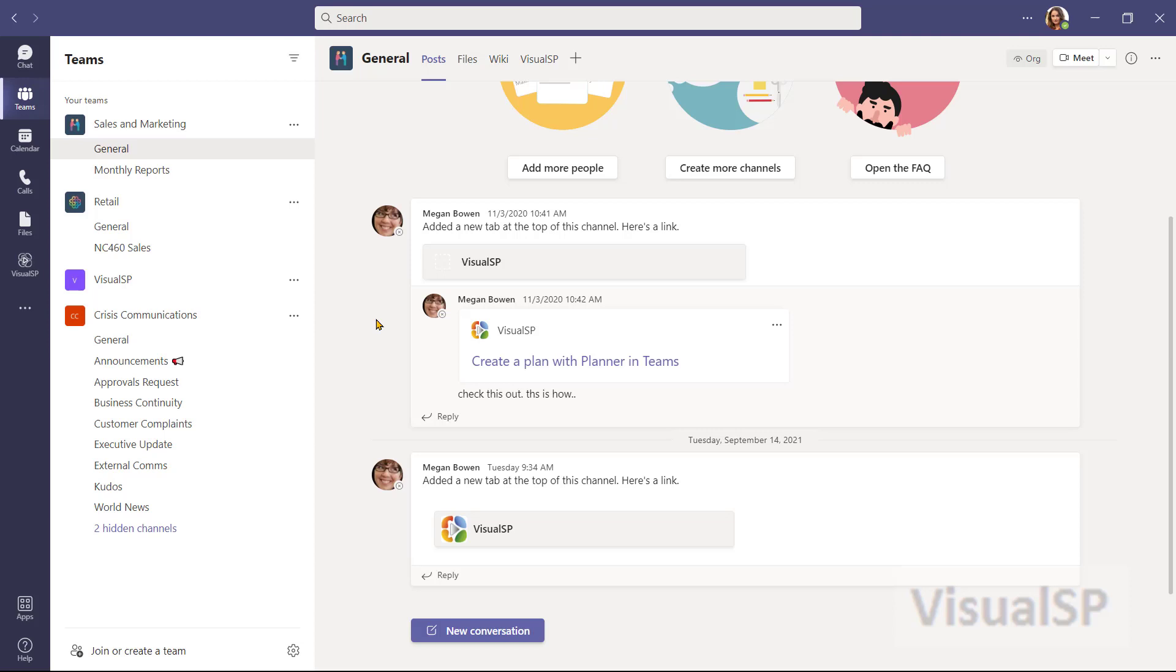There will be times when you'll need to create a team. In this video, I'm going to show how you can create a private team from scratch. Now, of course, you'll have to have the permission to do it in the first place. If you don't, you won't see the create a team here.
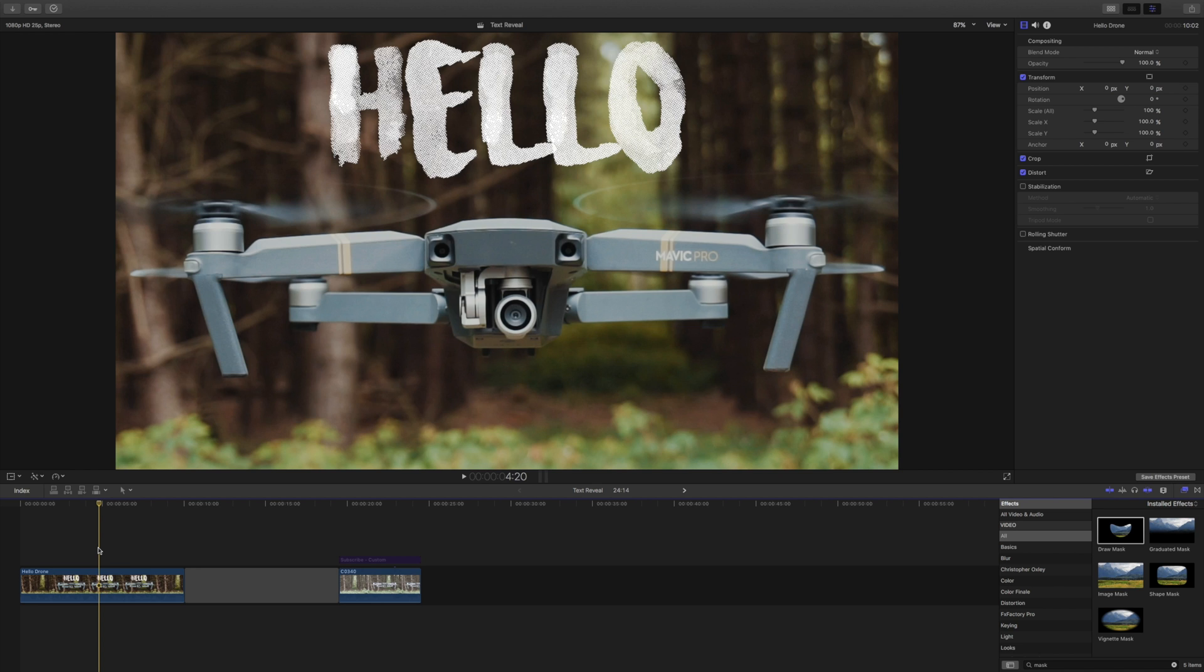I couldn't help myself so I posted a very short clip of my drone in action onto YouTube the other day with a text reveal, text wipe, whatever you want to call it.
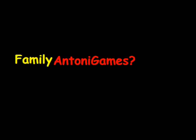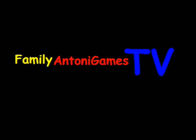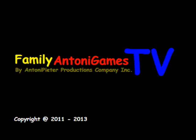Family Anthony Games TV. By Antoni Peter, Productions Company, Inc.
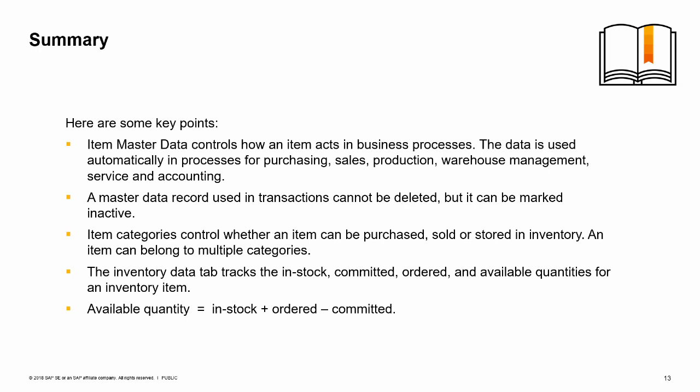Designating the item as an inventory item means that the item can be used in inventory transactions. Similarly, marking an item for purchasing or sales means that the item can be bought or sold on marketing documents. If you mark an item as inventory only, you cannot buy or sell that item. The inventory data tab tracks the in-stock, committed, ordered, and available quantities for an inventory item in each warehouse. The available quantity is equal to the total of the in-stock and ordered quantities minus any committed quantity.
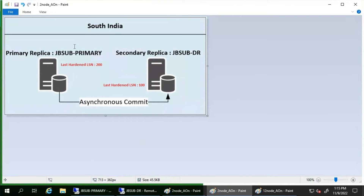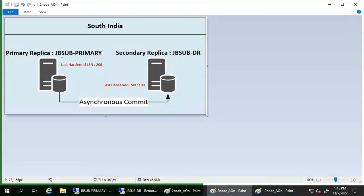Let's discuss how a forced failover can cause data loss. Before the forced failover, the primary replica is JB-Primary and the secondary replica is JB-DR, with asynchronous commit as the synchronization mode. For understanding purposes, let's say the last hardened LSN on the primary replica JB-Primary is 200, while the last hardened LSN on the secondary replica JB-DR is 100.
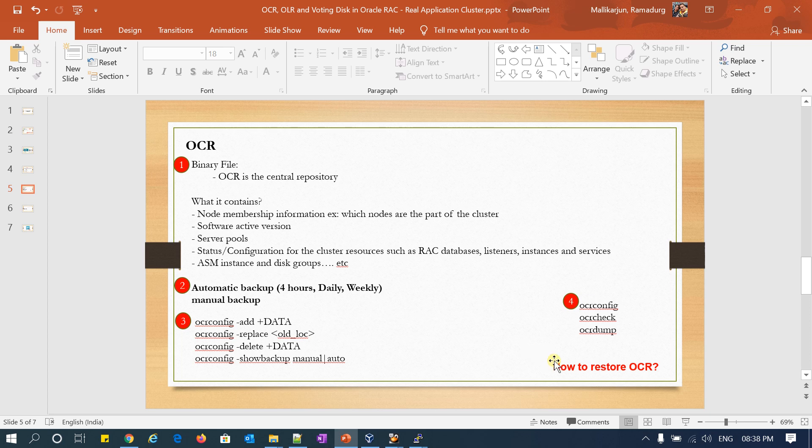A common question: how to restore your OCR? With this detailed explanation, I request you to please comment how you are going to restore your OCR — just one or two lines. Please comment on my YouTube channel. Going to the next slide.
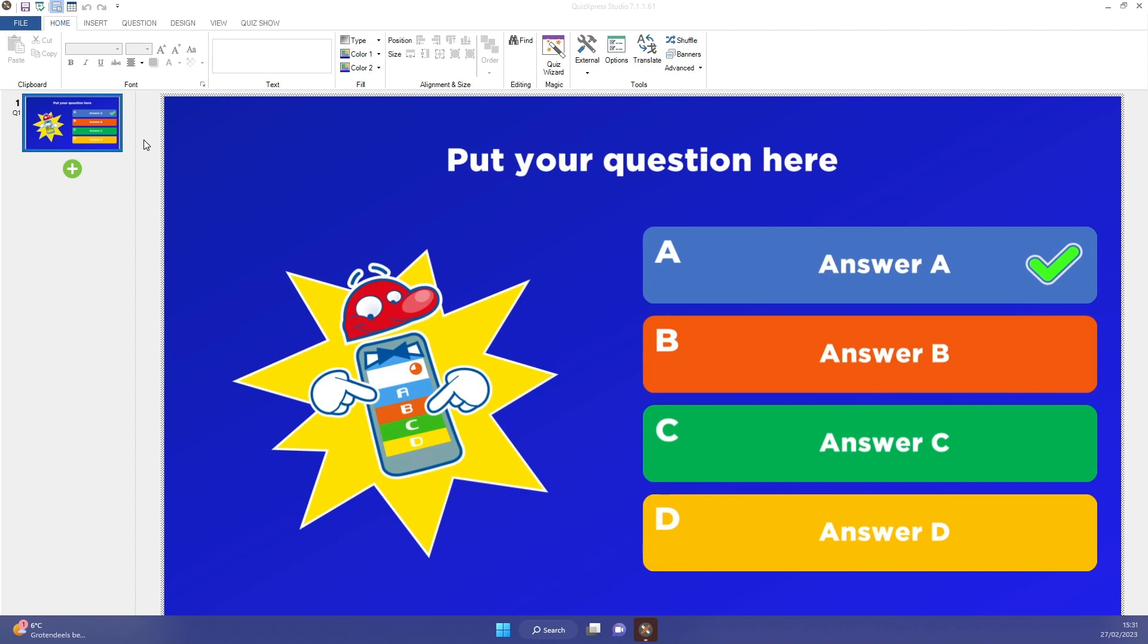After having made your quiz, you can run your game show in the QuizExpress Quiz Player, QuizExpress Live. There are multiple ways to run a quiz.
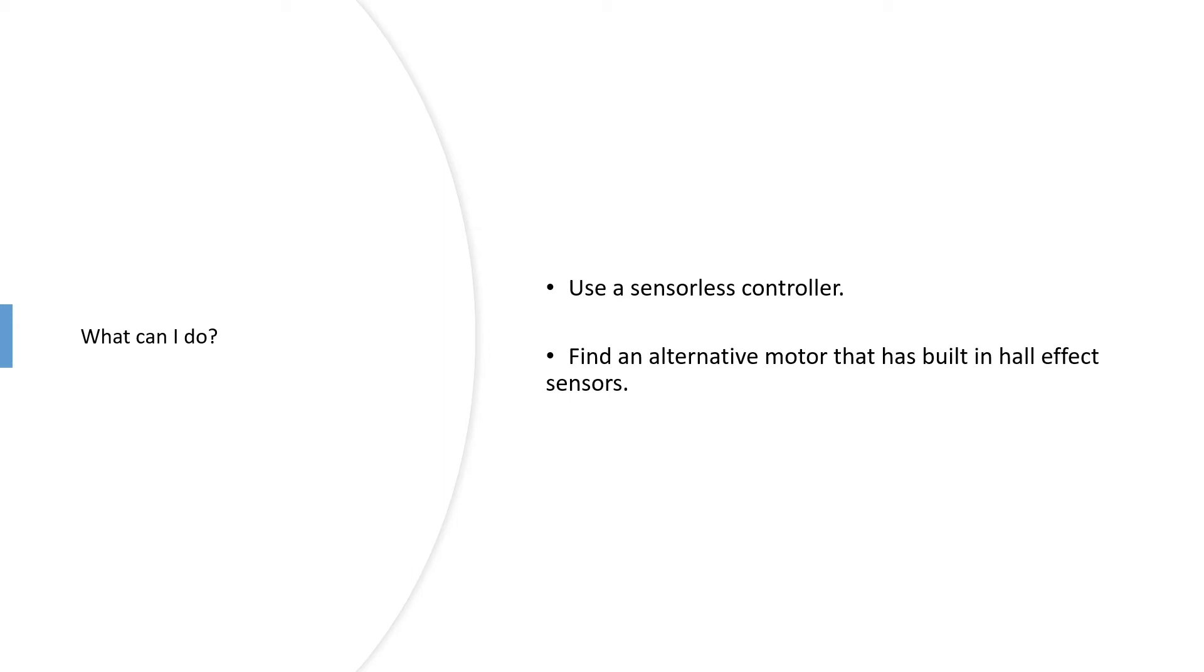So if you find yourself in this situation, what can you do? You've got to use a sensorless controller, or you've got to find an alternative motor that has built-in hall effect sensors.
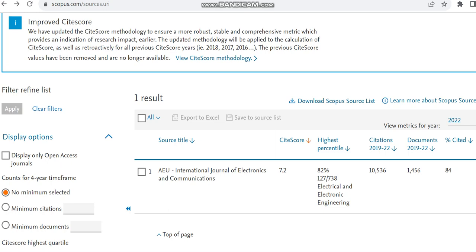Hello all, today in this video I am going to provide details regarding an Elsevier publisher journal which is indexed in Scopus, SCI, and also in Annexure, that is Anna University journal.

**Your objective:**
The records above are to be copied exactly, without their pictures.

**Solution to this task:**
There will be times when you'll need to create a team. In this video, I'm going to show how you can create a private team from scratch. Now, of course, you'll have to have the permission to do it in the first place. If you don't, you won't see the create a team here.
I couldn't help myself so I posted a very short clip of my drone in action onto YouTube the other day with a text reveal, text wipe, whatever you want to call it.
Family Anthony Games TV. By Antoni Peter, Productions Company, Inc.
Designating the item as an inventory item means that the item can be used in inventory transactions. Similarly, marking an item for purchasing or sales means that the item can be bought or sold on marketing documents. If you mark an item as inventory only, you cannot buy or sell that item. The inventory data tab tracks the in-stock, committed, ordered, and available quantities for an inventory item in each warehouse. The available quantity is equal to the total of the in-stock and ordered quantities minus any committed quantity.
Let's discuss how a forced failover can cause data loss. Before the forced failover, the primary replica is JB-Primary and the secondary replica is JB-DR, with asynchronous commit as the synchronization mode. For understanding purposes, let's say the last hardened LSN on the primary replica JB-Primary is 200, while the last hardened LSN on the secondary replica JB-DR is 100.
A common question: how to restore your OCR? With this detailed explanation, I request you to please comment how you are going to restore your OCR — just one or two lines. Please comment on my YouTube channel. Going to the next slide.
After having made your quiz, you can run your game show in the QuizExpress Quiz Player, QuizExpress Live. There are multiple ways to run a quiz.
So if you find yourself in this situation, what can you do? You've got to use a sensorless controller, or you've got to find an alternative motor that has built-in hall effect sensors.
Hello all, today in this video I am going to provide details regarding an Elsevier publisher journal which is indexed in Scopus, SCI, and also in Annexure, that is Anna University journal.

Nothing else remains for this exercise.